*** Opening Dataset records ***

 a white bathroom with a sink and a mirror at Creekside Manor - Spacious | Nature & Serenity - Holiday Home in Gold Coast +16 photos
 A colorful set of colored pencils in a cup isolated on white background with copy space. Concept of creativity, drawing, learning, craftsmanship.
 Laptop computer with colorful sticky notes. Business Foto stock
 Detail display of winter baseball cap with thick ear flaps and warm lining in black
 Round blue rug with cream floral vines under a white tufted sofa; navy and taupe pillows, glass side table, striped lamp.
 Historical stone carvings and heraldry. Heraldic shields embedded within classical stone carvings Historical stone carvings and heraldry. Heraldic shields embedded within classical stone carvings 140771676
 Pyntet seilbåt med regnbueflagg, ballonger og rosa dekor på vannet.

*** Closing Dataset records ***
*** Opening Dataset records ***

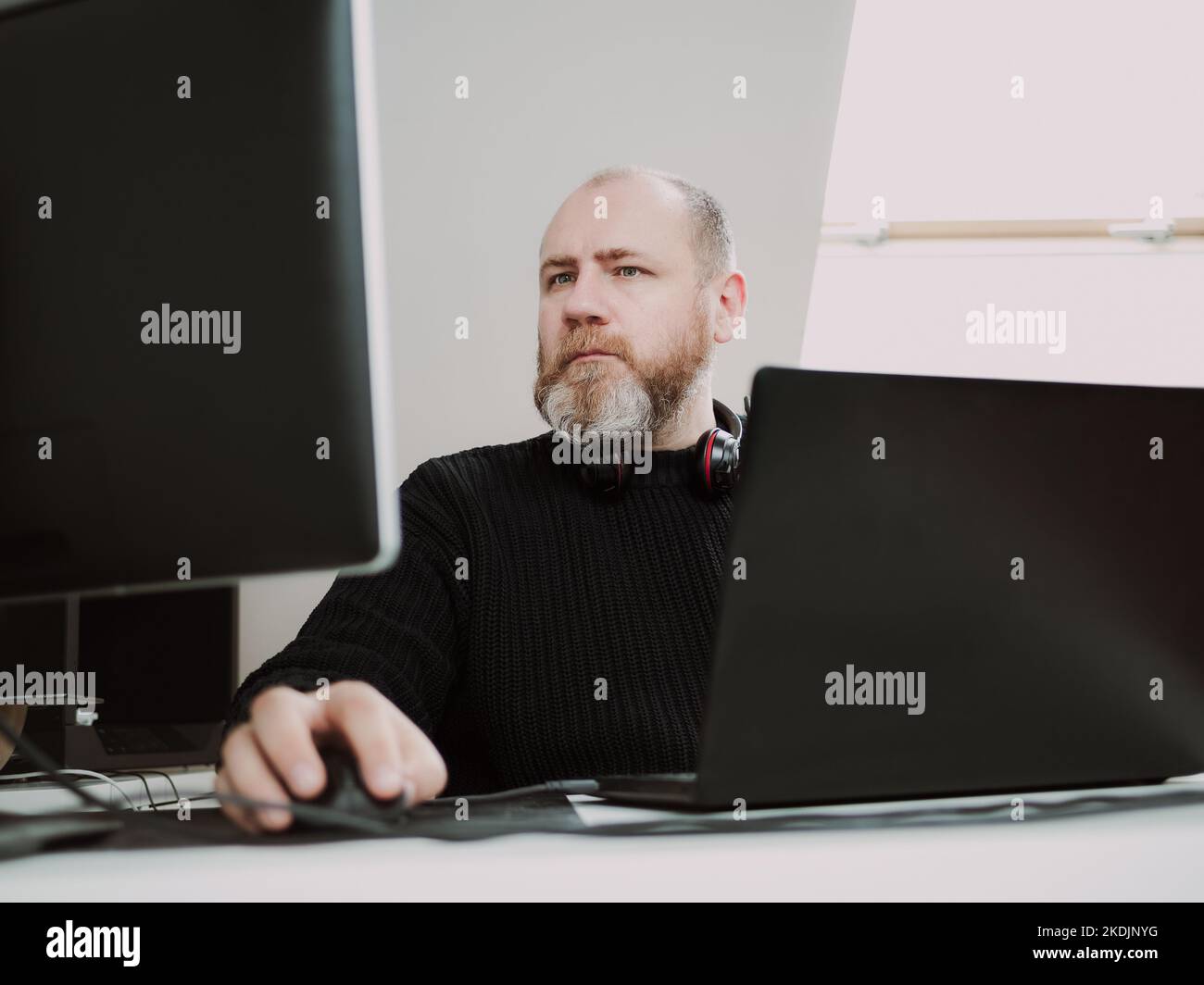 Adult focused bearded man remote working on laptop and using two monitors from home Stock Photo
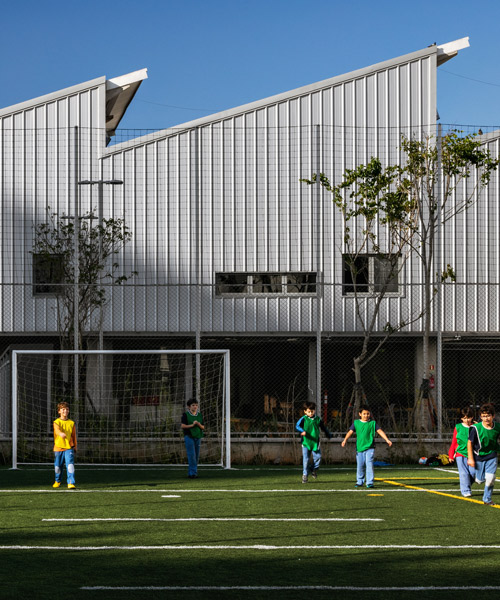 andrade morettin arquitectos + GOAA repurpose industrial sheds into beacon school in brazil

*** Closing Dataset records ***

**Aim of the task:** Among the entries above, copy exactly only the lines starting with the one containing "Round blue rug" and going through the one containing "Pyntet seilbåt med", both ends included.

**Solution for this exercise:**
 Round blue rug with cream floral vines under a white tufted sofa; navy and taupe pillows, glass side table, striped lamp.
 Historical stone carvings and heraldry. Heraldic shields embedded within classical stone carvings Historical stone carvings and heraldry. Heraldic shields embedded within classical stone carvings 140771676
 Pyntet seilbåt med regnbueflagg, ballonger og rosa dekor på vannet.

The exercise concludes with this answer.